I passed Weber and traveled my ancient path towards Royer. Here is where I spent my late teen and early twenties years. As I turned down the street, bittersweet memories poured forth. My hands gripped the steering wheel; I expected the ghosts of my past to rush out at me.

Monument St. has an old (crumbling!) house that Better Half and I rented shortly before our marriage. It was a dump but it was our first house together. I barely looked at it. The damn thing leaked, the landlord never fixed anything, our bed didn’t fit in the stairwell, and Better Half and I worked different shifts and never saw each other. There were funny memories attached to this place: Better Half’s first attempt to impress my parents (the chicken and shrimp were nearly raw!) and our picnic table fiasco.

I headed further down Royer and caught site of the house that shaped me. Someone divided the building into three apartments. I lived in all three over a period of time during my young adult years.

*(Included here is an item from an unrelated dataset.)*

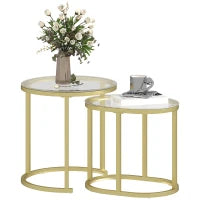 Set di 2 Tavolini da Salotto, Tavolini d'Appoggio Incastrabili, Struttura in Acciaio e Piano in Vetro Temperato Trasparente, Oro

I am no longer in my late 30’s. I am nineteen and my hair is shaved on the sides. I wear dark sunglasses, a leather biker jacket and an attitude. I am driving an old Chevy Nova (V-8 and untouchable) and a LoA tape blares. I chew on my Marlboro filter as I park. The engine cuts off and Julie pokes her head out of the top window. “Coffee,” she says.

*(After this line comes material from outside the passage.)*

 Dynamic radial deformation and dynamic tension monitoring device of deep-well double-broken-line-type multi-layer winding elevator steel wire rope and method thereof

The moment passes. There is now cheap fencing partially surrounding the property. The house appears to be vacant. Rusty, my fellow paleontological junkie, has moved to WY and works at a museum as curator. Julie, my best friend for over a decade, is MIA and I don’t feel any loss – she tried to screw me over. Scott and Tomy are not there to share the front porch with us. Rhonda and Nancy moved on ages ago. You can’t go back in time. You can only relive a moment.

I chose to relive the moments that Jeff and I shared there: Sunday Morning Coffee, a bedroom window that flooded the basement when it rained, tearing up a waterbed simply because Waterman was on my last nerve, a beautiful gold claddagh that no longer fits my finger and a whale pendant with a dangling crystal. (I love cetaceans. Pity that they became a WT fad! I refuse to wear any of my jewelry unless it drops out of fashion. The same goes for any jewelry depicting dinosaurs, wolves or crows. I appreciated these creatures’ beauty long before Brittany, Jennifer, Kayla and Crissy came along and embraced them as the symbol of their post-virginal teenage feminine ilk. I’m sorry if that sounds a touch cynical but I really do not have respect for the average American “tee hee” teenager. I hated my own teenage peer group.)

T&L Market was holding strong. This neighborhood store has been a fixture since 1900. Lisa (the L in T&L) still manned the counter. We chatted briefly, reliving a few neighborhood memories. I felt a sad twinge: this is where I would walk with Julie’s kids, Meghan and Bobby. I’d buy them a candy bar. I helped raise those children, treating them as if they were my own. I was “dad” to them. We’d conduct science experiments in the kitchen, play football in the street, and read stories before bed. I build Bobby a bike after his was stolen. I spent hours watching Meghan play “Little Mermaid” in the living room. Julie cut me out of their lives when I became engaged to Better Half. She was jealous of our relationship.

I swept past our house on Parkridge. I did not recognize it but Better Half told me this evening that I should look for the Japanese cherry tree that we planted when we moved in. I think that I’ll swing by there again and try to take a picture (if the tree is still there.)

Colorado Springs has a very pretty veneer to it. It attempts to promote itself as sophisticated. It is still the same yokel town that I recall but now it hides behind its window dressing. I supposed that it believes the window dressing is an accurate reflection of what it is. Consider the dog and his bone. He crosses the bridge and sees a dog with a bone rippling in the water. He wants both bones and so he barks, dropping his bone. Colorado Springs wants what simply isn’t. It compares itself to other places and attempts to steal away their thunder. How sad that this city loses what is precious during its attempt to be what it can’t.